The Intriguing Role of IL-13 in the Pathophysiology of Asthma
- 1Department of Public Health, University of Naples Federico II, Italy
- 2Colli Monaldi Hospital, Italy
- 3Interdepartmental Research Center in Basic and Clinical Immunological Sciences, University of Naples Federico II, Italy
- 4Center for Basic and Clinical Immunology Research, WAO Center of Excellence, University of Naples Federico II, Italy
- 5Institute of Inflammation and Ageing, College of Medical and Dental Sciences, University of Birmingham, United Kingdom
- 6Immunodeficiency Centre for Wales, Department of Immunology, University Hospital of Wales, United Kingdom
- 7Personalized Medicine Center: Asthma and Allergology, Humanitas Research Hospital, Italy
- 8Department of Biomedical Sciences, Humanitas University, Italy
- 9National Heart and Lung Institute, Faculty of Medicine, Imperial College London, United Kingdom
Approximately 5%–10% of asthmatic patients worldwide suffer from severe asthma. Experimental and clinical studies have demonstrated that IL-13 is an important cytokine in chronic airways inflammation. IL-13 is involved in Th2 inflammation and has been identified as a possible therapeutic target in the treatment of asthma. Two different human monoclonal antibodies (mAbs) anti-IL-13 (tralokinumab and lebrikizumab) block binding and signaling of IL-13 to its receptors, IL-13R1 and IL-13R2. Several randomized, double-blind, placebo-controlled multicenter studies have evaluated the safety and efficacy of tralokinumab and lebrikizumab in the treatment of adult patients with severe asthma, but all have failed to meet their primary end-points. No serious adverse events related to the treatment with these anti-IL-13 mAbs have been reported in these studies. These negative clinical results contrast with positive findings from blocking IL-13 signaling in experimental models of asthma, raising doubts about the transferrable value of some models. Interestingly, dupilumab, a mAb which blocks both IL-4 and IL-13 signaling reduces exacerbation rates and improves lung function in severe asthmatics. These results suggest that IL-4 and IL-13 share some, but not all functional activities in airway inflammation. Tralokinumab might show efficacy in a highly selected cohort of asthmatics characterized by overexpression of IL-13.

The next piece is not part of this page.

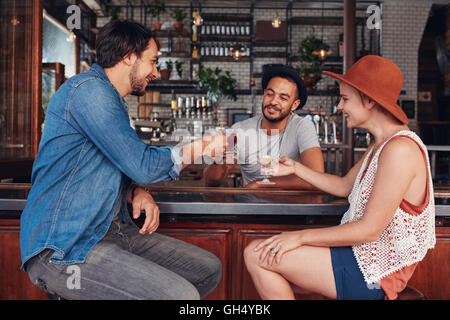 Portrait de jeunes gens modernes assis dans le café et d'avoir leur boisson. Groupe d'amis au café un toasting drinks. Banque D'Images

Keywords: Asthma, biologics, Chronic rhinosinusitis, IL-4, IL-13, Nasal polyposis, Tralokinumab
Received: 22 Jul 2019;
Accepted: 31 Oct 2019.
Copyright: © 2019 Marone, Granata, Pucino, Pecoraro, Heffler, Loffredo, Scadding and Varricchi. This is an open-access article distributed under the terms of the Creative Commons Attribution License (CC BY). The use, distribution or reproduction in other forums is permitted, provided the original author(s) and the copyright owner(s) are credited and that the original publication in this journal is cited, in accordance with accepted academic practice. No use, distribution or reproduction is permitted which does not comply with these terms.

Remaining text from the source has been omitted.